Australian rules footballer, born 1968

Simon Atkins (born 23 December 1968) is a former Australian rules football player who played with Footscray and Fitzroy Football Clubs in the Victorian (VFL) and Australian Football Leagues (AFL) from 1987 to 1996.

Nicknamed "The Axe", Atkins and his twin brother Paul were recruited from Wynyard Football Club in Tasmania and Atkins made his senior VFL debut in Round Two, 1987, against the Sydney Swans at the Sydney Cricket Ground (SCG), gathering three possessions in a 108-point loss to Sydney.

After only three matches in 1987 and none in 1988, Atkins became a key player at Footscray in 1989, playing 21 matches before his best season in 1990, when Atkins topped the competition in handballs.

Atkins played most of his football as a centreman, complementing a strong midfield that also comprised the Brownlow Medallists Scott Wynd and Tony Liberatore. This successful combination was one of the reasons that Footscray made it to the preliminary final in 1992 after having a season that took most experts by surprise (remembering that the club almost disappeared at the end of the 1989 season).

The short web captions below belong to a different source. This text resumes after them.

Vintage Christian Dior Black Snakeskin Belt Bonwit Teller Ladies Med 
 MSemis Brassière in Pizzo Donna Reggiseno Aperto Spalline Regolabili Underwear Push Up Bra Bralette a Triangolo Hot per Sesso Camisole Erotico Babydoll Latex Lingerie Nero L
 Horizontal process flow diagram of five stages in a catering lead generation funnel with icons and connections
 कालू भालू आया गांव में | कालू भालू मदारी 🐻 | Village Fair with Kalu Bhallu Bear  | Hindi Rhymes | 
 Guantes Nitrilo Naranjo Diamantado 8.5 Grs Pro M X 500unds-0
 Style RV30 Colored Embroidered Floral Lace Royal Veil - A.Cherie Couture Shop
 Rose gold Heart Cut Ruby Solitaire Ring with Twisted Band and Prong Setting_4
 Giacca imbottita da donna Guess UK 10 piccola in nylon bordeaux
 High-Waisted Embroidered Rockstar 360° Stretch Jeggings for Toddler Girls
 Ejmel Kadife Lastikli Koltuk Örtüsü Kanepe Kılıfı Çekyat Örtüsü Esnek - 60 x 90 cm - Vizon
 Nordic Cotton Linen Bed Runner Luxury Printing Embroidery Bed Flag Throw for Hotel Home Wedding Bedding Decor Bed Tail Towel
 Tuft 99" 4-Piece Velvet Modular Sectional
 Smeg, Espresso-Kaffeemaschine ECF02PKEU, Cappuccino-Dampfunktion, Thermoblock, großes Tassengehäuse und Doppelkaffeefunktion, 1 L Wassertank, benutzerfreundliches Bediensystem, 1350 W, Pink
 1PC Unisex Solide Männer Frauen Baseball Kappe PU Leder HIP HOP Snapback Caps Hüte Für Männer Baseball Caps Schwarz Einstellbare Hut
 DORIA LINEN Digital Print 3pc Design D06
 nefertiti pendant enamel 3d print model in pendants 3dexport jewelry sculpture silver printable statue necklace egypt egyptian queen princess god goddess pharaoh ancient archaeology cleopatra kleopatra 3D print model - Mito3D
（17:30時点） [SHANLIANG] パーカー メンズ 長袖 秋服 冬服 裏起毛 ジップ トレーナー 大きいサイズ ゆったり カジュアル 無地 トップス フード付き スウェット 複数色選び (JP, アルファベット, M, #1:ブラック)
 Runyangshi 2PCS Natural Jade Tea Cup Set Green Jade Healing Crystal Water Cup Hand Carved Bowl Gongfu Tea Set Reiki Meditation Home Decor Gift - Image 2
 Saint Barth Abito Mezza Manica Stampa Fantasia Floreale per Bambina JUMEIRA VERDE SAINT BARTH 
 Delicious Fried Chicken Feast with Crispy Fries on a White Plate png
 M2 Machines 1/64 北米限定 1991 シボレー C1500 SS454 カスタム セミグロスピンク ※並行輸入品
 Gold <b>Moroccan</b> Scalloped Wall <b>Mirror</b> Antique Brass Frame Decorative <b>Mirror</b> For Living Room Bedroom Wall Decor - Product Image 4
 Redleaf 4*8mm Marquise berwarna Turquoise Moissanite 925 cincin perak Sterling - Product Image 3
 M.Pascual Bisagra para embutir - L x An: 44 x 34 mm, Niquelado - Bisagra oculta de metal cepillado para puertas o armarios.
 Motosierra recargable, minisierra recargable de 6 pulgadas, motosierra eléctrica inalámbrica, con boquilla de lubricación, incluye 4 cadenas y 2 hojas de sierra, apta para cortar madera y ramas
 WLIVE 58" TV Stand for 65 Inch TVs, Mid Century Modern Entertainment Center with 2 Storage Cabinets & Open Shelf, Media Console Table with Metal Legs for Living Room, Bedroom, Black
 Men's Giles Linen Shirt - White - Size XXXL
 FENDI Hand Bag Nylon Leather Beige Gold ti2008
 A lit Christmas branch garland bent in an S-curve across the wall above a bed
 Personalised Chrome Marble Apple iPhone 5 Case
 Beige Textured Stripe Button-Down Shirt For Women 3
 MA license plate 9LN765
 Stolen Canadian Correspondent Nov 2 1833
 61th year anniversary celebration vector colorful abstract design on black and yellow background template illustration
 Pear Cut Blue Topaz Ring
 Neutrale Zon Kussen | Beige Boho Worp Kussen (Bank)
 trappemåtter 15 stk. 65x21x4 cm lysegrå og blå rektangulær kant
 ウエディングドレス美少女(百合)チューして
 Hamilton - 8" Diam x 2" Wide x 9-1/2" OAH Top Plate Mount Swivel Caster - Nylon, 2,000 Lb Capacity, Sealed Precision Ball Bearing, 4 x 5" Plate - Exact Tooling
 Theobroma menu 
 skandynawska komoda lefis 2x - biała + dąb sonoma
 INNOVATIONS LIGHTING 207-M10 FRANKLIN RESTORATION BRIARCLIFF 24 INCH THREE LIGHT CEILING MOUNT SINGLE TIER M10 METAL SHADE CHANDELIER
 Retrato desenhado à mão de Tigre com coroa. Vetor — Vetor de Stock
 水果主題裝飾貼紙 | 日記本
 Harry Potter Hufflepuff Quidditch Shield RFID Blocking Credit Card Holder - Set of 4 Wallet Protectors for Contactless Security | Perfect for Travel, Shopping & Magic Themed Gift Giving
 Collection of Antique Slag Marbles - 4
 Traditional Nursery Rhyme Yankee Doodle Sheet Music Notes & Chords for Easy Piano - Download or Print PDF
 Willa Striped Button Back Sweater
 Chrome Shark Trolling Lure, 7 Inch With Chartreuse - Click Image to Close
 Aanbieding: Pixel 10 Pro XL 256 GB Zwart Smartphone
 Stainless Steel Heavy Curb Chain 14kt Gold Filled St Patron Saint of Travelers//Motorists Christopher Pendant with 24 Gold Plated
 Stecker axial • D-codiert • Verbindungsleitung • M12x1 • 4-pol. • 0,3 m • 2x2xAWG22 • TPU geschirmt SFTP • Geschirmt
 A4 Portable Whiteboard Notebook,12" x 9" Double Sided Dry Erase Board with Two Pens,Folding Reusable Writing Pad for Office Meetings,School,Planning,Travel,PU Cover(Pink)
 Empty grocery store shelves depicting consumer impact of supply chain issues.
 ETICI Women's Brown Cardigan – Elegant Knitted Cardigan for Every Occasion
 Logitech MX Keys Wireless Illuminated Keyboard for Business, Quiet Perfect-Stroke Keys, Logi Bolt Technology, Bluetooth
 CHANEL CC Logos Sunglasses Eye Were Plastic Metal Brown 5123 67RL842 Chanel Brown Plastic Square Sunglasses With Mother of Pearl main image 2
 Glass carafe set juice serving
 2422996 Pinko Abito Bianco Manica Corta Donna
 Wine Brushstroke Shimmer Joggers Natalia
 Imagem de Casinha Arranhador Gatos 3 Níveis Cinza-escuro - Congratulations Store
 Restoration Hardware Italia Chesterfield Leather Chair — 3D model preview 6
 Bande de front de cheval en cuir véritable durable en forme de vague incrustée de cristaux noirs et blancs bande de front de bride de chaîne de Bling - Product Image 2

Atkins is best remembered as a consistent winner of the ball who had a great capacity to feed the ball out to teammates from tight situations with "quick hands". His best seasons were in 1991 and 1992. When Alan Joyce took over from Terry Wheeler at the end of round two in 1994, it soon became clear that Atkins was not an automatic selection for a midfield role, and he was traded to Fitzroy at the end of that season. Holmesby and Main describe Atkins as "one of the side's best in its last two seasons" (referring to Fitzroy's last two seasons in the AFL), and "at his peak ... he was one of the most productive midfielders in the competition". Another attribute he is remembered for is the ability to kick goals from one quick step at the 50-metre mark. His return of 76 goals in 127 games with the Bulldogs is a very good one for a centreman. He was also the last person to kick a goal for Fitzroy in the AFL.

Atkins played a role as a special comments man during the ABC's Victorian Football League coverage in the late 2000s.

After retiring as a player, Atkins coached Werribee in the Victorian Football League between 2005 and 2010. In 2013 he will be an assistant coach for St Bernards Old Collegians in the Victorian Amateur Football Association.